* **Instructions for the task**
Using the records below, write out again exactly the lines that begin at the line containing "Ebony Owl Netsuke" and end at the line containing "vidaXL Letto Libreria", and no other lines.

* **Records supplied**
----
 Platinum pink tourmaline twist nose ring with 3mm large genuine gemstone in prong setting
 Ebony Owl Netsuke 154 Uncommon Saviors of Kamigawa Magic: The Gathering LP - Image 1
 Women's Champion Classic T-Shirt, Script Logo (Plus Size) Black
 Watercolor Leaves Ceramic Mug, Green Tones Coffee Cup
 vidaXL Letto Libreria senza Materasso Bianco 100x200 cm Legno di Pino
----
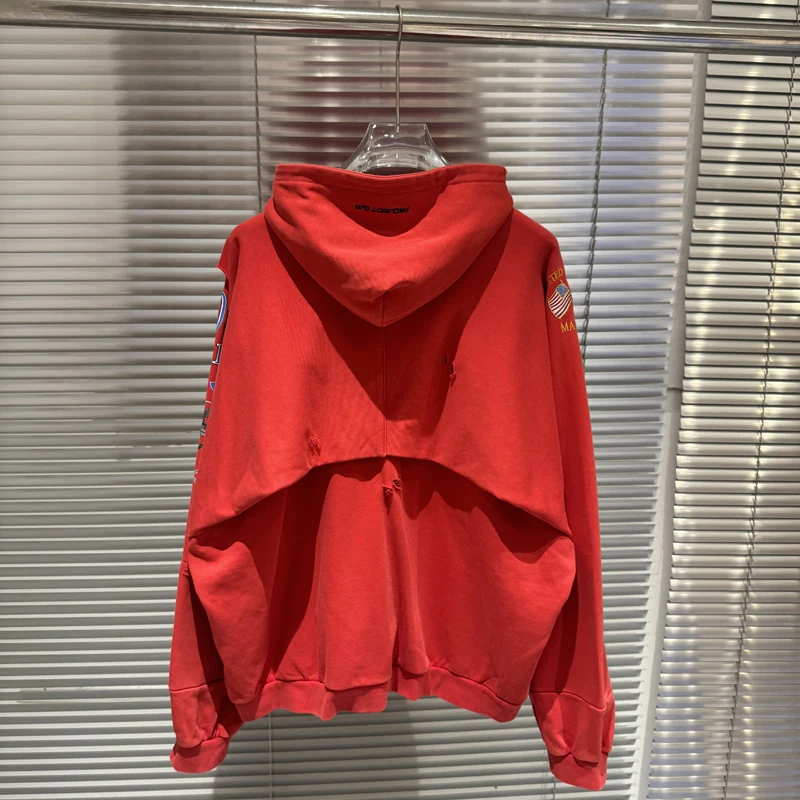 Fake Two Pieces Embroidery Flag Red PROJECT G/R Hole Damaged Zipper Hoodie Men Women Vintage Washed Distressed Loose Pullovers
----
* **Solution to the problem**
 Ebony Owl Netsuke 154 Uncommon Saviors of Kamigawa Magic: The Gathering LP - Image 1
 Women's Champion Classic T-Shirt, Script Logo (Plus Size) Black
 Watercolor Leaves Ceramic Mug, Green Tones Coffee Cup
 vidaXL Letto Libreria senza Materasso Bianco 100x200 cm Legno di Pino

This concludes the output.